-- AIM OF THE EXERCISE --
Dropping every picture, set down exactly the lines in the entries below, starting with the line with "In CINAHL, you" and going on through the line with "Based on the".

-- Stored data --
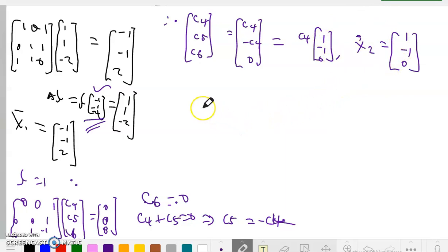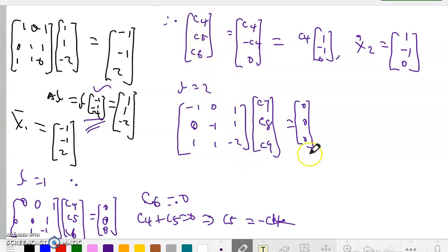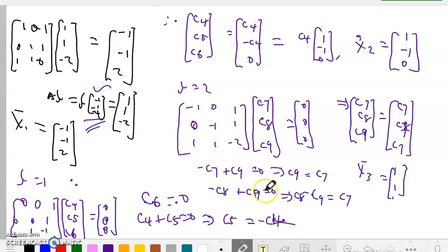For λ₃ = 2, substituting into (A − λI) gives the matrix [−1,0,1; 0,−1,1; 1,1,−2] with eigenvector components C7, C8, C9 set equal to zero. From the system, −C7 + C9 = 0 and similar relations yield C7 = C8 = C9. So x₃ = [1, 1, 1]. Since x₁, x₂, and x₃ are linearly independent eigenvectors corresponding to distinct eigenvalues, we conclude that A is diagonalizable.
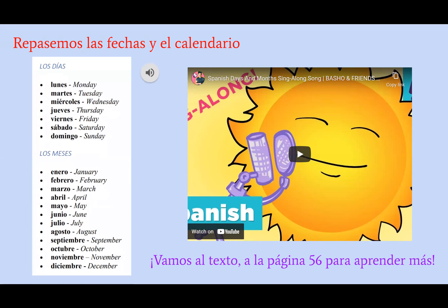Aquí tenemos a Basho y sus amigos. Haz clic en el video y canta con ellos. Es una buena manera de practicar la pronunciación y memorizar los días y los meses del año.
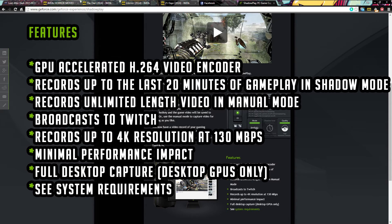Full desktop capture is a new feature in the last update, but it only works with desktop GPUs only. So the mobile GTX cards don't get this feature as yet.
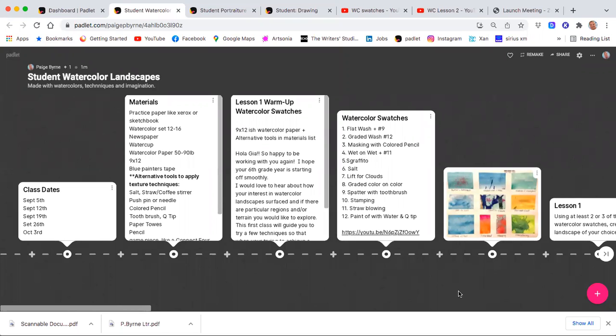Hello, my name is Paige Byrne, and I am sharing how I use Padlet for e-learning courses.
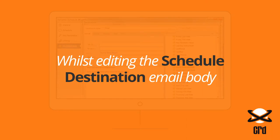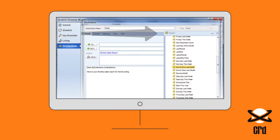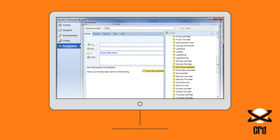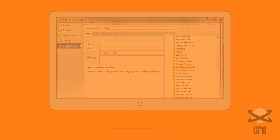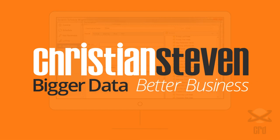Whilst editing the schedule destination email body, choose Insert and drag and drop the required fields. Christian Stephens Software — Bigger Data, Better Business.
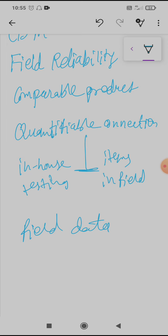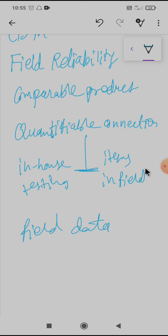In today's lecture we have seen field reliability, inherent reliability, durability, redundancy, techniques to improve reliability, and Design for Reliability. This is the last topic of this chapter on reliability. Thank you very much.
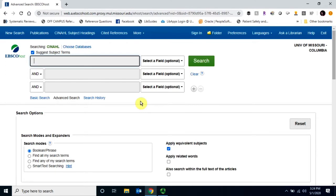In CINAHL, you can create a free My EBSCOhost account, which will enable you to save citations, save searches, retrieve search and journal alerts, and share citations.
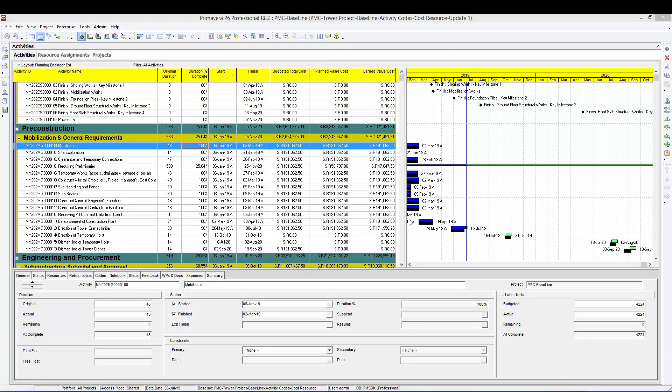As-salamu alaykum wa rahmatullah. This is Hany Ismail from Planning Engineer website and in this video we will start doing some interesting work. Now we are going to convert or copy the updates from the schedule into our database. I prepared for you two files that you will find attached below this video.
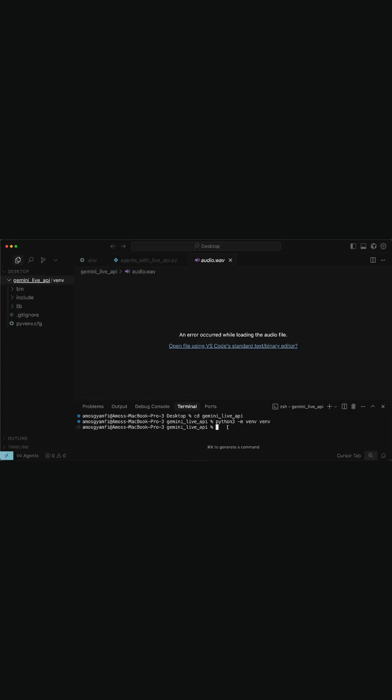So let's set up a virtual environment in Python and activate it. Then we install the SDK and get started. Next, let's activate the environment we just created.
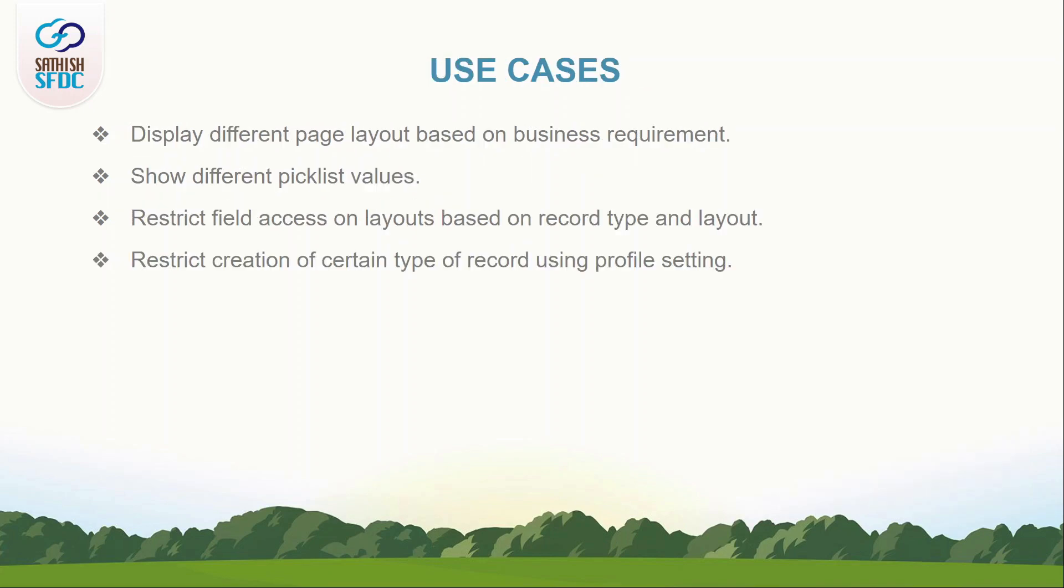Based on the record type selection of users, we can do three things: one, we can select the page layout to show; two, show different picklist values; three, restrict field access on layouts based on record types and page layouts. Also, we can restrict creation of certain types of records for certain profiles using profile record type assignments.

--

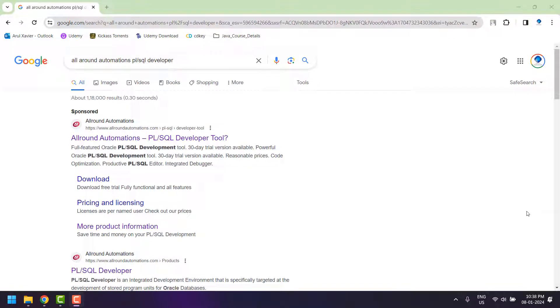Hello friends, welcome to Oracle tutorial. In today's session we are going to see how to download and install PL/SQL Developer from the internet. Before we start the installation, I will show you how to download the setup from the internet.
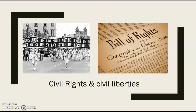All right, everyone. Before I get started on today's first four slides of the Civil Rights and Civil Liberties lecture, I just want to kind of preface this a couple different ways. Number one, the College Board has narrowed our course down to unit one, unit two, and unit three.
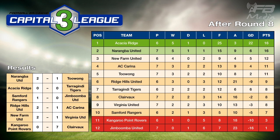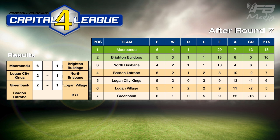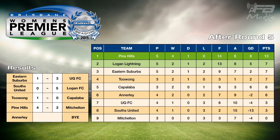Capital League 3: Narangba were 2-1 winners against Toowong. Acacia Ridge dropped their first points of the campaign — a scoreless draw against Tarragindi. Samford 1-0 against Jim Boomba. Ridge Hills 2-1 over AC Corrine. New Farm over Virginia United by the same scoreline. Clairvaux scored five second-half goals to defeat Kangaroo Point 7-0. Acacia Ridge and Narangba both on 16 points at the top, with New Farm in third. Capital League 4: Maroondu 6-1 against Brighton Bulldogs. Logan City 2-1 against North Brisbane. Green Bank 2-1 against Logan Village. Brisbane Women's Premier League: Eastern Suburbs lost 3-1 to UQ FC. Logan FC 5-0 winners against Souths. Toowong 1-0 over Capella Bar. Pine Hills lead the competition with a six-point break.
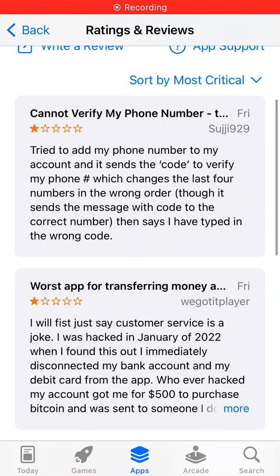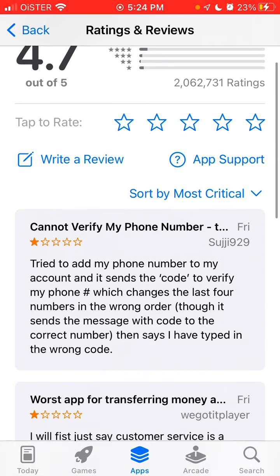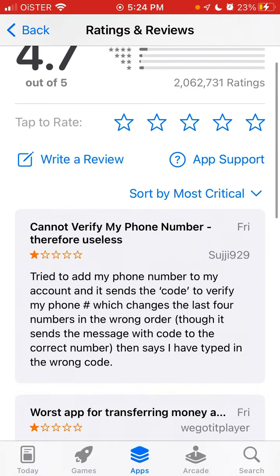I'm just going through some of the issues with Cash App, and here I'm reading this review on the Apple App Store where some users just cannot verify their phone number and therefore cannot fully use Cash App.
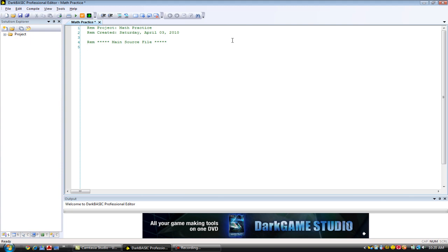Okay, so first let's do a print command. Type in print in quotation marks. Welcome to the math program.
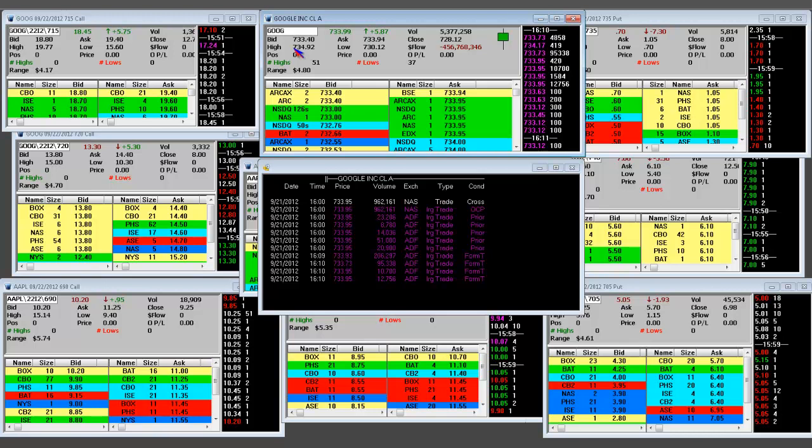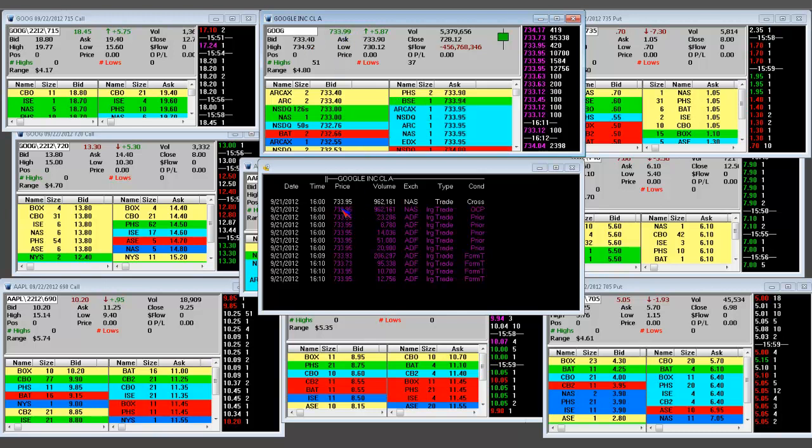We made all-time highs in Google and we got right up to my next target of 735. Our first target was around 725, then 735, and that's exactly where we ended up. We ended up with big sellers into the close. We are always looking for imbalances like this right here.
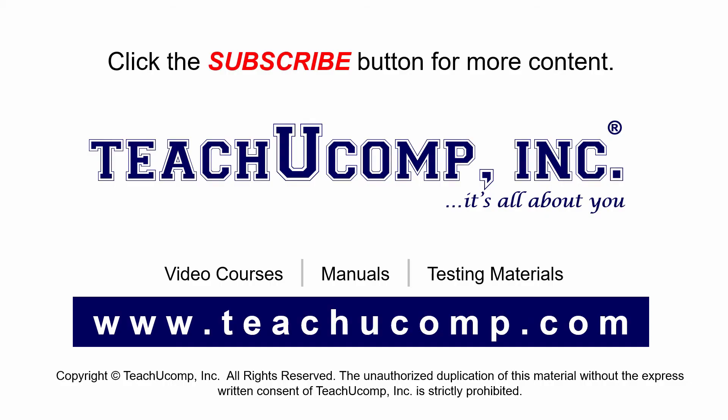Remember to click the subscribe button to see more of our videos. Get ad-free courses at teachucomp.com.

-- OUTPUT OF THE TASK --
In CINAHL, you can create a free My EBSCOhost account, which will enable you to save citations, save searches, retrieve search and journal alerts, and share citations.
As-salamu alaykum wa rahmatullah. This is Hany Ismail from Planning Engineer website and in this video we will start doing some interesting work. Now we are going to convert or copy the updates from the schedule into our database. I prepared for you two files that you will find attached below this video.
So let's set up a virtual environment in Python and activate it. Then we install the SDK and get started. Next, let's activate the environment we just created.
Based on the record type selection of users, we can do three things: one, we can select the page layout to show; two, show different picklist values; three, restrict field access on layouts based on record types and page layouts. Also, we can restrict creation of certain types of records for certain profiles using profile record type assignments.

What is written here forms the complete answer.